Comme quoi, en Côte d’Ivoire, la politique rime avec "ton pied mon pied". Pourvu que ce tango aboutisse à quelque chose de concret dans la résolution de la crise. Il n’y a pas longtemps, le même Gbagbo, répliquant aux propos du Premier ministre, disait qu’il défiait quiconque de pouvoir mener concomitamment identification et désarmement. Une manière à peine voilée de dire qu’il ne ferait rien qui pût aider à mener à bon terme cette opération.

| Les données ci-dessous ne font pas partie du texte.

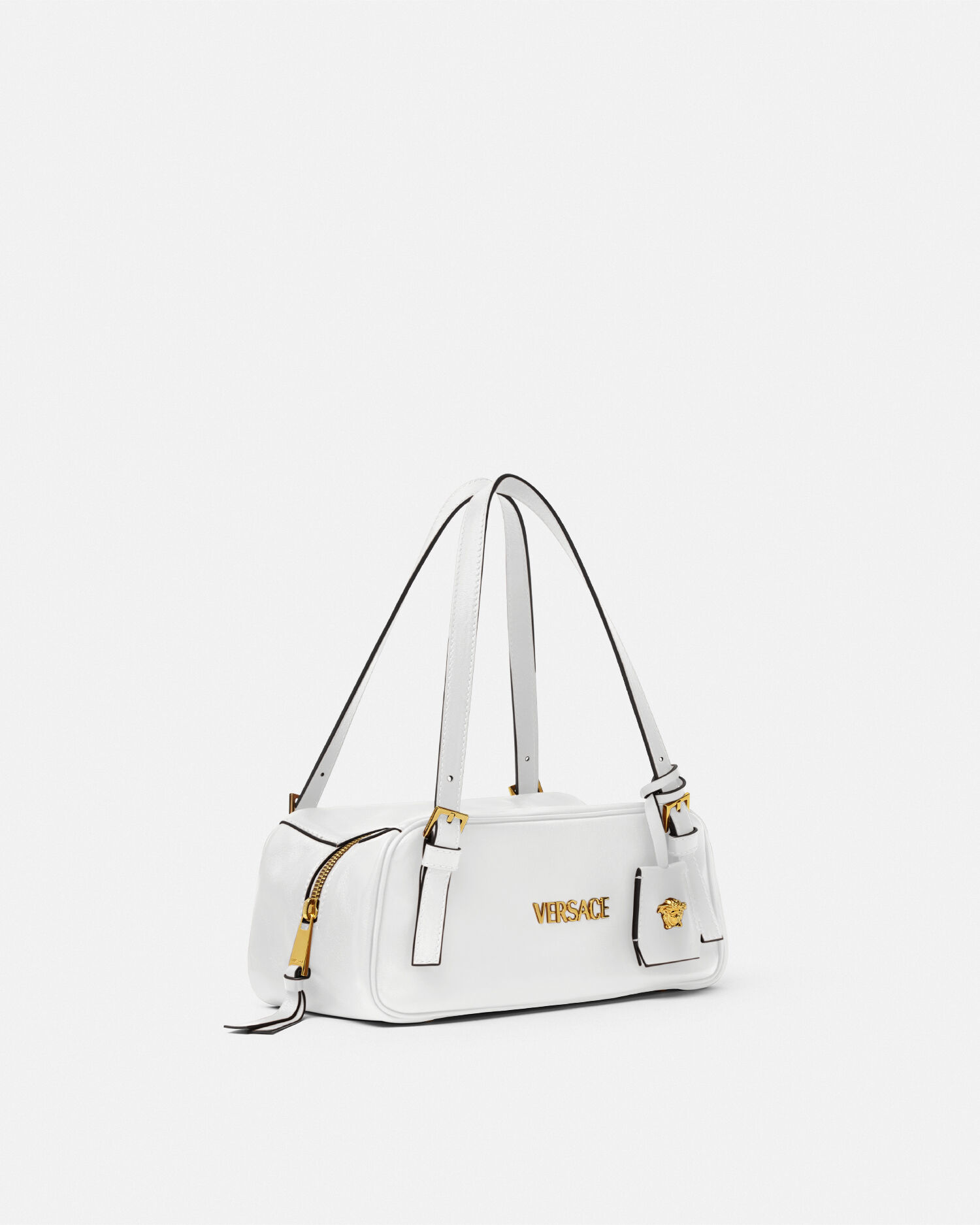 Versace Tag Bowling ショルダーバッグ 〜IVE レイさん着用〜 Versace Tag Bowling ショルダーバッグ 〜IVE レイさん着用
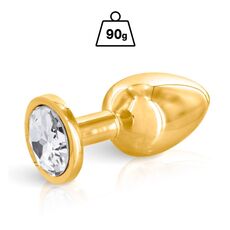 Dop Anal Angel Plug OR Bijou Clear, Hidden Eden, Medium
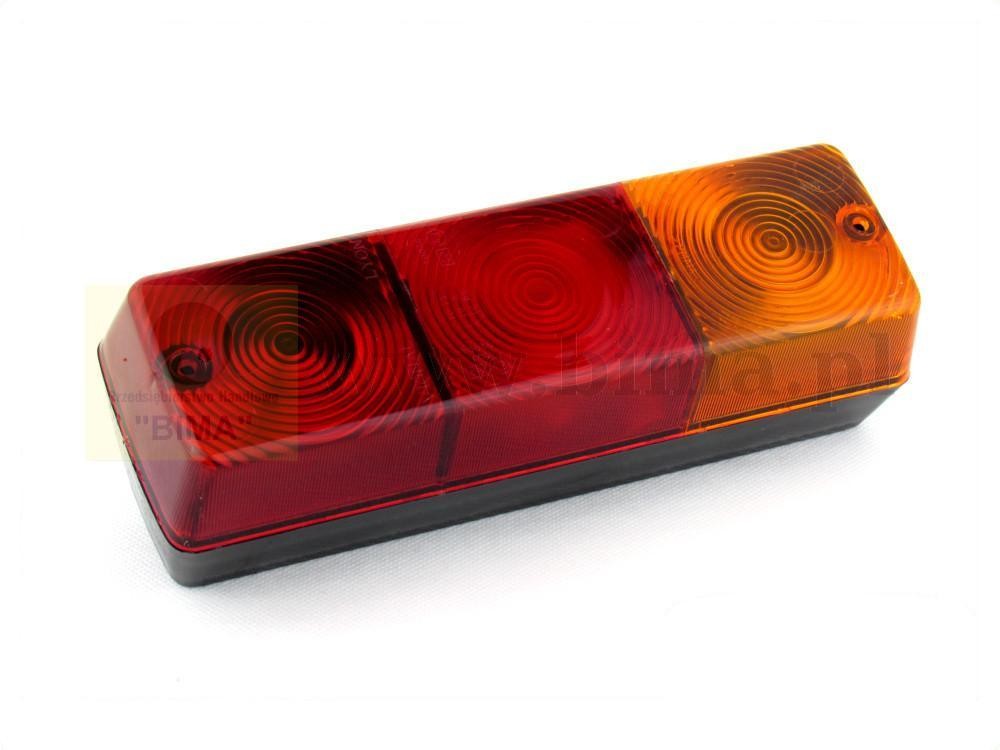 Lampa tylna zespolona prawa Renault 113-12,113-14,120-14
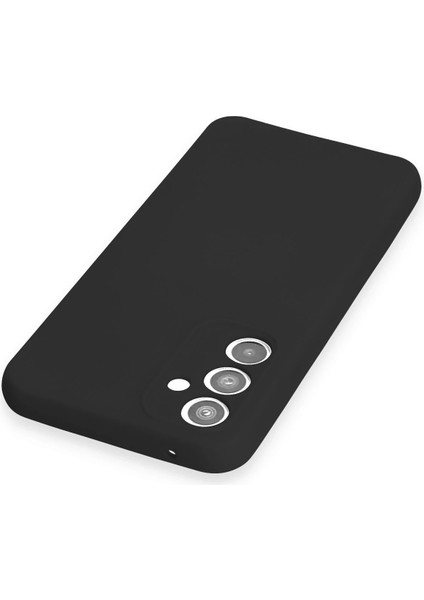 Samsung Galaxy A54 5g Kılıf Nano Içi Kadife Silikon - Siyah Bstmy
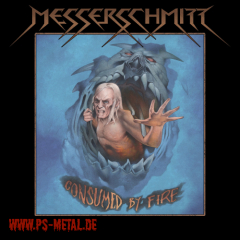 Messerschmitt - Consumed By Firecoloured LP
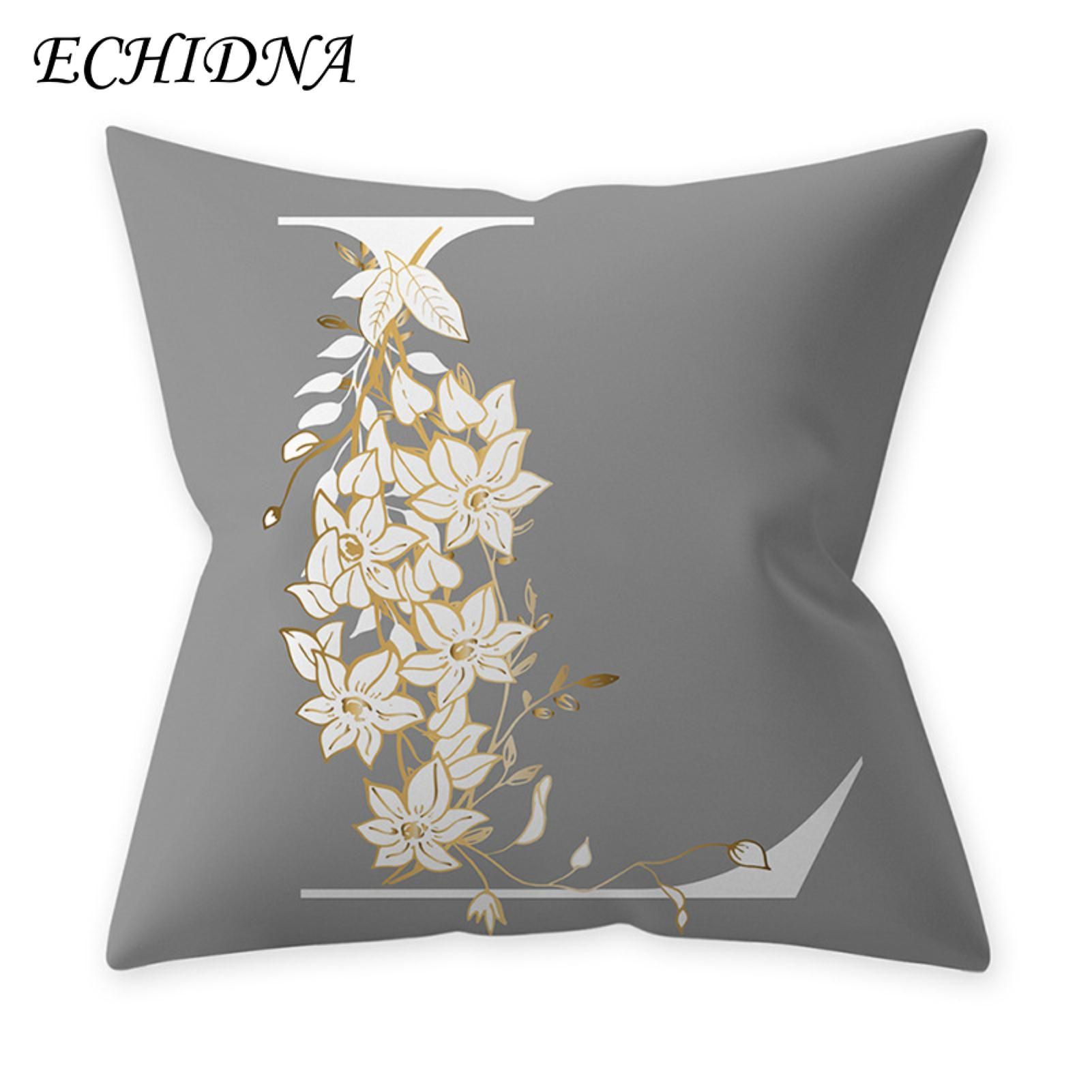 Cushion Case Machine Washable Fine Stitching Innovative Pillow Case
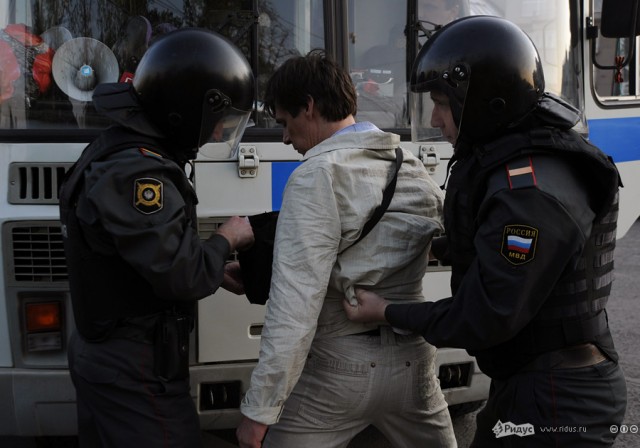 Марш Миллионов. 6 мая 2012 года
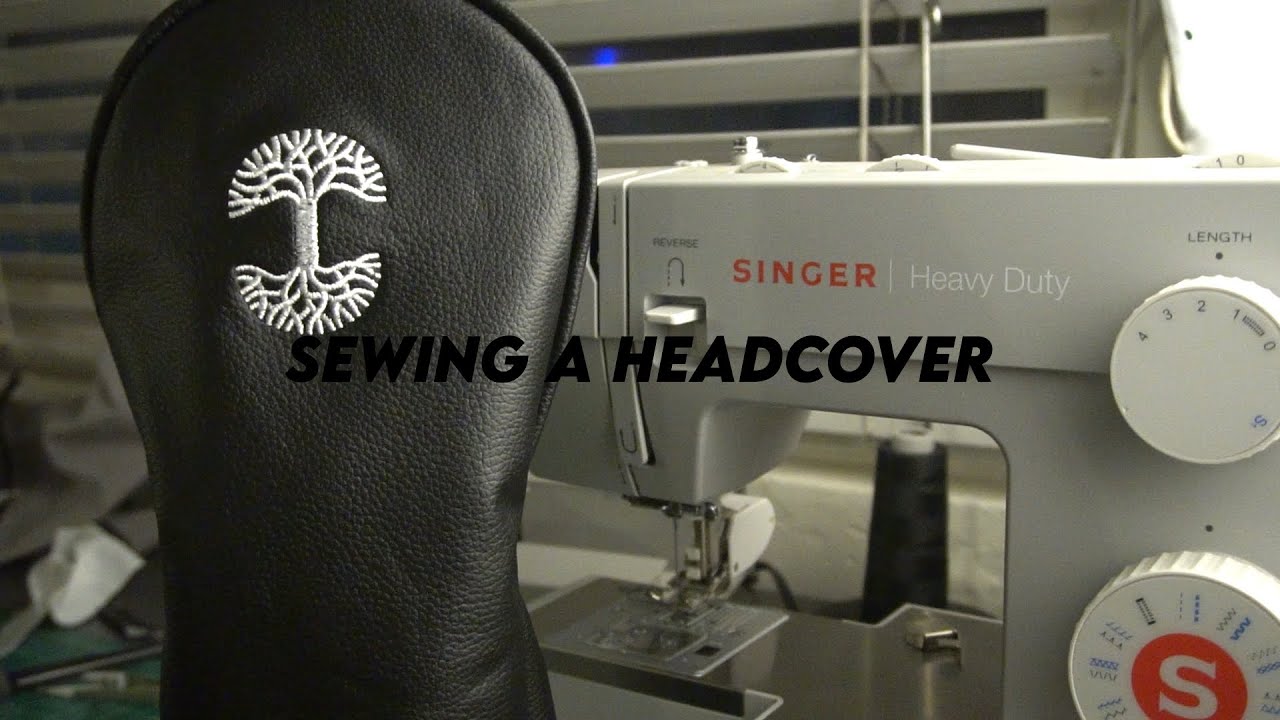 How I Make a Custom Headcover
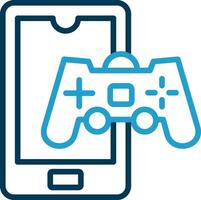 jogos vetor ícone Projeto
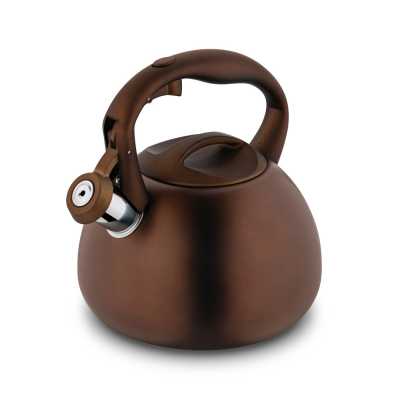 Obrázok pre Čajník nerezový hnedý 3l CASPIO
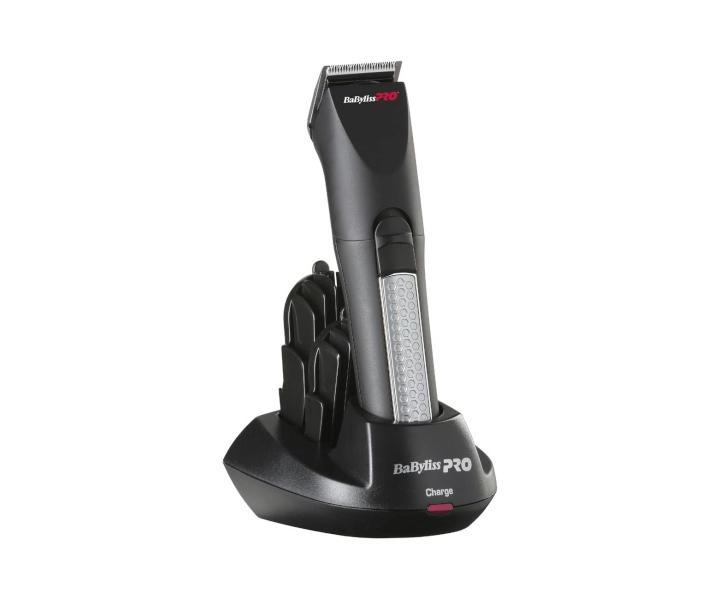 Strojek BaByliss Pro Ferrari ern + Konturovac zastihova vlas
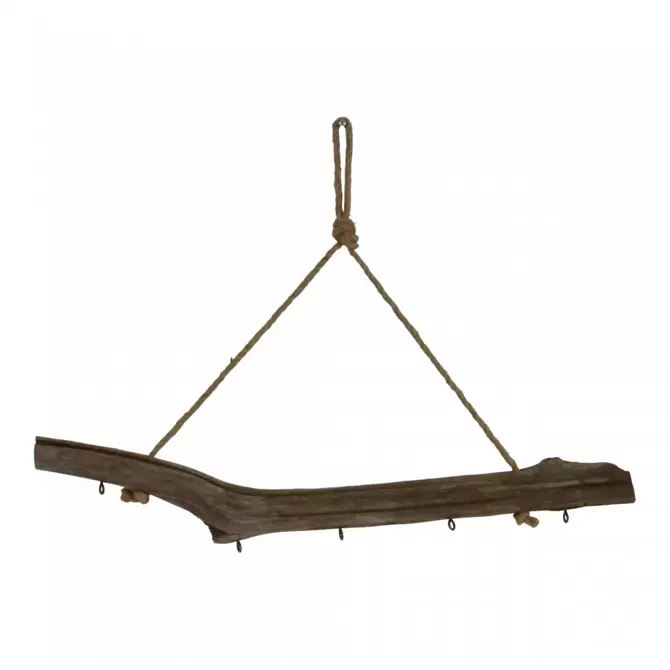 Hanger hout tak l50cm www.tuincentrumoutlet.com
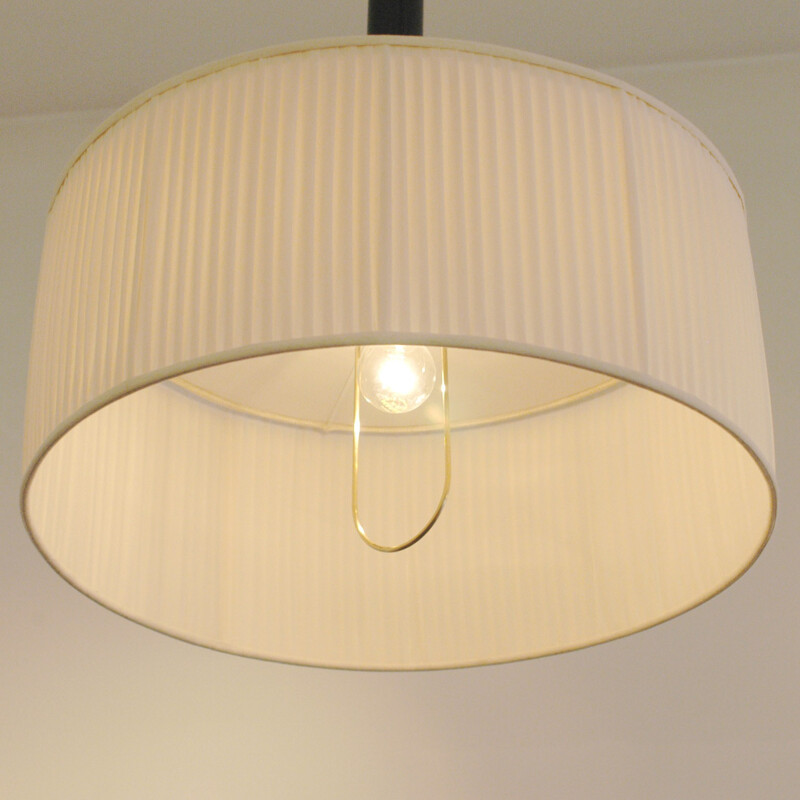 Austrian Modernist Pendant lamp by J. T. Kalmar- 1950s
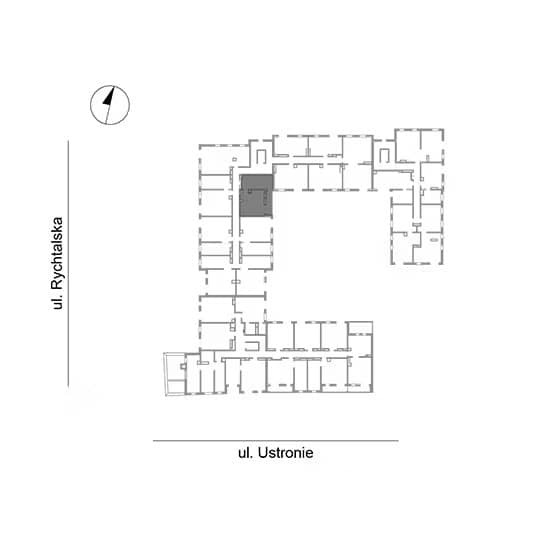Browary Wrocławskie – inwestycja Archicom - lokal BR12 86, budynek BR1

On sait que Gbabgo milite d’abord pour le désarmement avant toute opération de recensement. En fait, nous pensons ici que le recensement est non seulement aussi important que le désarmement, mais également plus facile à mener. Plus grave est l’absence de cette identification, source de toutes les dérives. Le Premier ministre a été on ne peut plus clair à ce sujet. Le recensement n’a pas pour but de permettre, comme le soutient le camp présidentiel, aux étrangers de voler la nationalité ivoirienne. Son objectif est de donner une nationalité à des Ivoiriens qui, du fait qu’ils sont sans-papiers, sont, de fait, des étrangers chez eux.

Comme tu le vois, il est plus aisé de faire le décompte de sa population que d’amener les gens à désarmer, surtout quand on ne s’est pas attaqué aux causes qui les ont conduits à se révolter.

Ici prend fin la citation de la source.